La palme d’or pour l’Angleterre

 

La palme d’or de la 23e saison de l’International des feux Loto- Québec  a été  attribuée à la firme anglaise Pains Firerworks. Les Allemands de la nouvelle firme Innovative Pyrotechnik   ont mérité le Jupiter d'argent tandis que les Américains de Pyro Spectaculars By Souza  ont dû se contenter du Jupiter de bronze.

Fait étonnant, les artificiers de la firme française Féérie, pour son spectacle sur Roméo et Juliette (Amour à mort), n’a décroché aucun Jupiter. Pourtant,  pour  sa première participation à la compétition de Montréal,  la firme s’est démarquée par une prestation de choix, rehaussée d’un scénario bien construit qui apportait, pour une des rares fois, des éléments formant un tout bien amalgamé : musique et pyrotechnie. Un synopsis  qui jouait sur innovation et finesse. Réputés pour  produire des chorégraphies pyromélodiques, les artificiers français ont apporté  une optique nouvelle du spectacle pyromusical.  Apparemment le vote du jury aurait été divisé en deux. Certains membres auraient détesté le coté théâtral du feu français avec trop de bla bla. Un feu trop bas. Pionniers du pyromusical  ils  continuent de surprendre  et donc à être contestés. Aujourd’hui, grâce à eux,  on ne conçoit plus un feu  sans musique. Rappelons que le réputé Américain Eric Tucker a aussi suscité la controverse dans ses premiers spectacles produits lors de cette compétition. La Ronde demeure une scène idéale pour un spectacle. Le réputé maître feu Giovanni Panzera répétait inlassablement : Dans un concours international il faut oser. Mais oser quoi et comment?

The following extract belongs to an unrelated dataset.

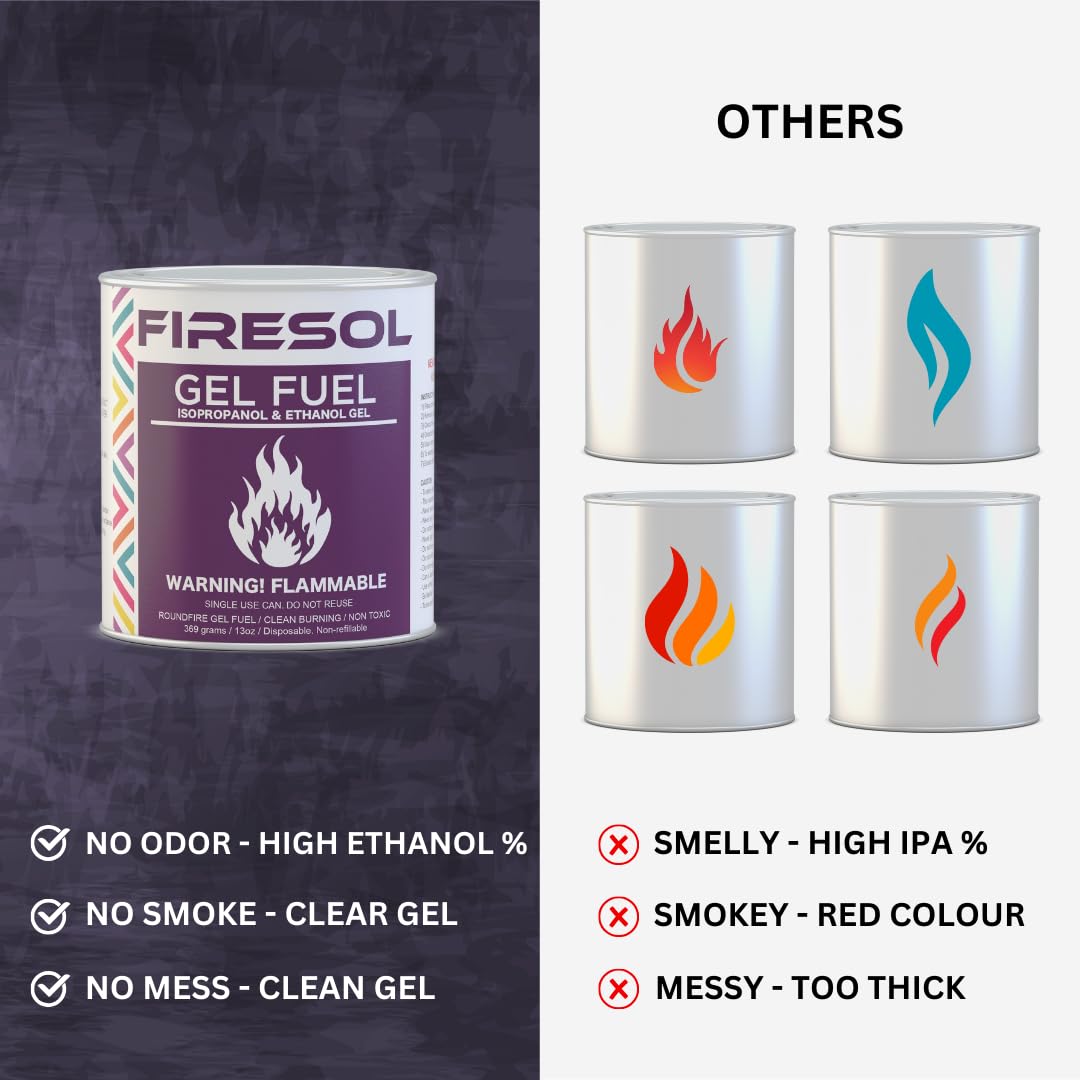 Firesol 6 pack Gel Fuel Cans for Fire Bowl, Fireplace, Gel Fire, Tabletop Fire Bowls, Warming, Indoor & Outdoor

Évidemment tout est question de culture. Mais si l’on privilégie la puissance et le volume aux dépens de l’innovation et de l’audace, allons-y pour des feux de puissantes bombes et réservons des loges sur le pont Jacques-Cartier.

Les Anglais de Pains Fireworks  qui revenaient pour la deuxième fois en 23 ans,  ont  produit un feu  qui ne sombrait pas dans le spectacle  à grand éclat. Ils se sont limités  à une chorégraphie harmonieuse  sur un  thème simple Jour et Nuit.  Ils y ont inséré des nuances qui faisaient ressortir  toutes les facettes immuables entre le jour et la nuit, la lune et le soleil. Une  démonstration impressionnante ou le visuel était particulièrement mis en valeur. Ils ont prouvé qu’avec des pièces choisies on peut faire un excellent feu sans sombrer dans la démesure.

Pourquoi avoir privilégié les Allemands  en leur accordant le Jupiter d’argent?  Au pis aller pour un Jupiter de bronze mais pas un d’argent.  Comment le jury  peut-il soutenir ce choix? En 1988 et 1989 l’ex-firme  Lunig a performé tout autant  sans changer de cadre; ces Allemands gagnent des prix avec la même recette. Pourquoi changer quand le public change?

A mon avis, le feu allemand  a perpétué la tradition de  l’ex-firme Lung et joué sur une trame musicale classique et de films plutôt facile .Une trame musicale peu recherchée et limitée à des grandes musiques mises bout à bout sans vraiment s’attarder à  innover dans le mixage musique-pyrotechnie.  On ne conteste pas le volume et le choix de pièces de gros calibre et on  leur reconnaît précision et rigueur  techniques.

Quant aux Américains,  axant leur feu  sur leur idole américaine Elvis Presley, ils  ont déployé un vibrant hommage au King par une intensité et une grande délicatesse de couleurs pastel sans surcharger les tableaux.

Les plus malchanceux auront été les Canadiens de Firerworks Spectaculars Canada de Calgary qui, pour leur première participation, ont  essuyé un retard d’une vingtaine de minutes  par suite d’une défaillance du système électrique. De toute manière leur feu axé sur Zeus de l’Olympe n’avait vraiment rien apporté dans la recherche du développement pyromusical. Simplement un étalage de produits.

Les Mexicains de Lux Pirotecnia, eux aussi, ont été confronté à une défaillance électrique, ce qui a coupé l’inspiration du public mais également le spectacle Chocolat  en cours  qui  comportait de nombreuses répétitions  et peu de  symétrie.

Une autre déception est venue des artificiers de la firme espagnole Igual avec leur thème Le jazz à l’état pur, Ces concepteurs qui nous avaient habitués à  un niveau plus élevé  de compétence,  ont véritablement manqué le bateau.

En conclusion, une saison qui prend fin sur un choix du jury populaire qui soulève la discussion. Vox populi  vox Déi!